→ EXERCISE OBJECTIVE
Please give back each line of the material unchanged, but without the images.

→ GIVEN DATA
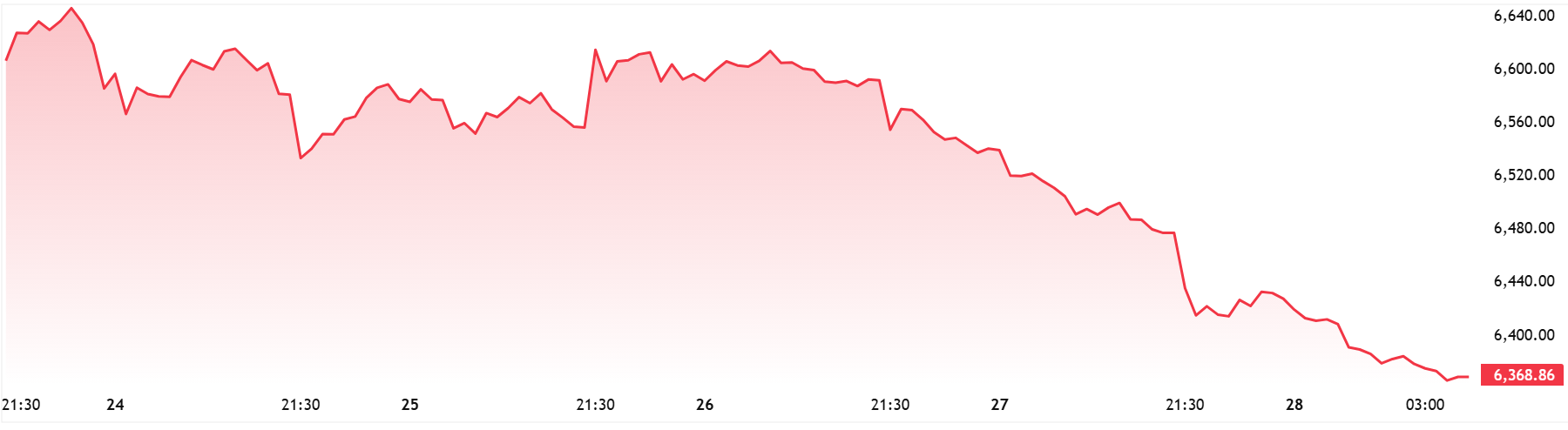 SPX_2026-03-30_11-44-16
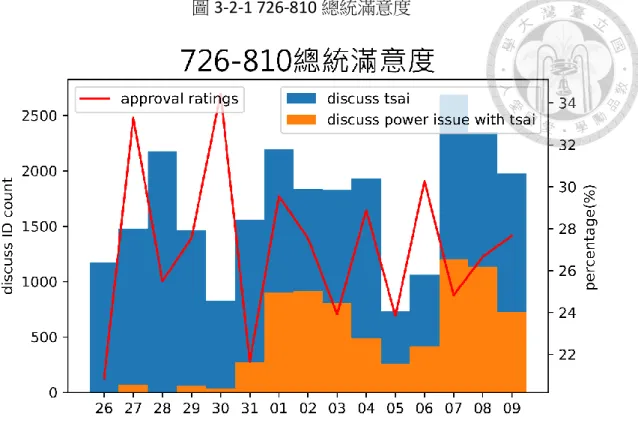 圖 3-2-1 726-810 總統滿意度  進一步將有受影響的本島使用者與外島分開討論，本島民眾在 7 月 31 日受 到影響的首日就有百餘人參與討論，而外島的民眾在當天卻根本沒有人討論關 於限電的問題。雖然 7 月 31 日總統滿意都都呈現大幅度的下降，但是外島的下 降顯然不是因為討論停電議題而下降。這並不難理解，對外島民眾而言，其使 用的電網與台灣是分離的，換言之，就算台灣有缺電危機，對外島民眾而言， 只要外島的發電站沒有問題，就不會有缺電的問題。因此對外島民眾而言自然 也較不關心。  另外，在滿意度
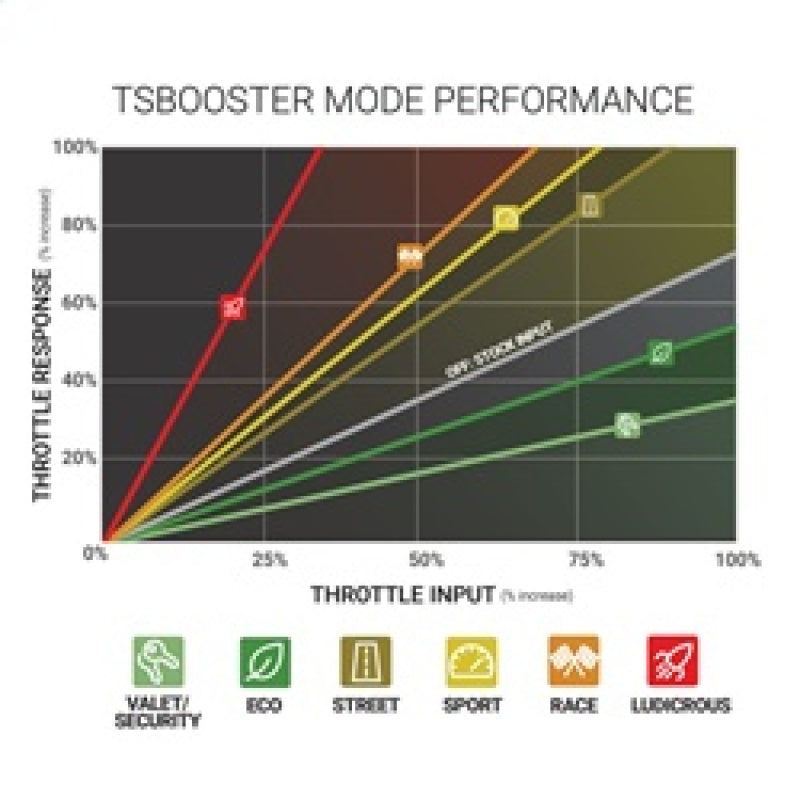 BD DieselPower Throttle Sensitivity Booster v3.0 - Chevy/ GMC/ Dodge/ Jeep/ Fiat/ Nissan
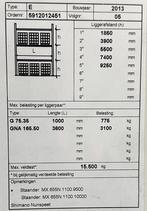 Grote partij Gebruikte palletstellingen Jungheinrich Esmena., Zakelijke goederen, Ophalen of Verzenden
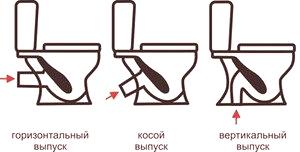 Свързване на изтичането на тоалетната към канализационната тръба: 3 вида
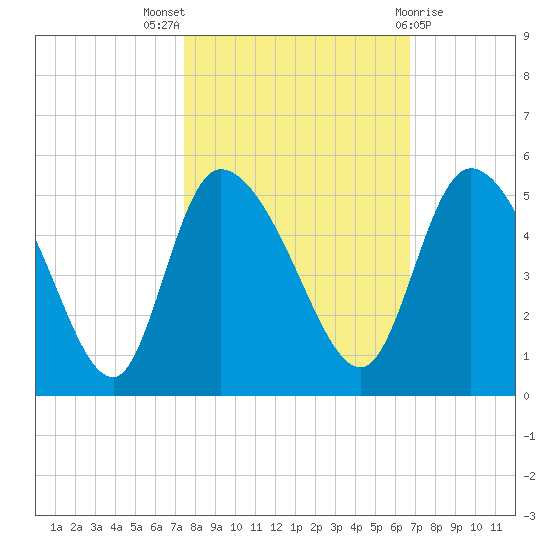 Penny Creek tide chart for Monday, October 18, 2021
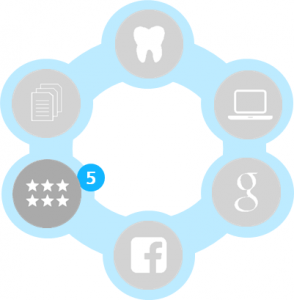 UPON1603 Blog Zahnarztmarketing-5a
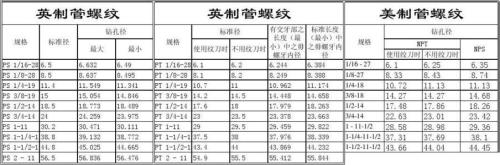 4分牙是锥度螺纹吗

→ FINISHED TASK
 SPX_2026-03-30_11-44-16
 圖 3-2-1 726-810 總統滿意度  進一步將有受影響的本島使用者與外島分開討論，本島民眾在 7 月 31 日受 到影響的首日就有百餘人參與討論，而外島的民眾在當天卻根本沒有人討論關 於限電的問題。雖然 7 月 31 日總統滿意都都呈現大幅度的下降，但是外島的下 降顯然不是因為討論停電議題而下降。這並不難理解，對外島民眾而言，其使 用的電網與台灣是分離的，換言之，就算台灣有缺電危機，對外島民眾而言， 只要外島的發電站沒有問題，就不會有缺電的問題。因此對外島民眾而言自然 也較不關心。  另外，在滿意度
 BD DieselPower Throttle Sensitivity Booster v3.0 - Chevy/ GMC/ Dodge/ Jeep/ Fiat/ Nissan
 Grote partij Gebruikte palletstellingen Jungheinrich Esmena., Zakelijke goederen, Ophalen of Verzenden
 Свързване на изтичането на тоалетната към канализационната тръба: 3 вида
 Penny Creek tide chart for Monday, October 18, 2021
 UPON1603 Blog Zahnarztmarketing-5a
 4分牙是锥度螺纹吗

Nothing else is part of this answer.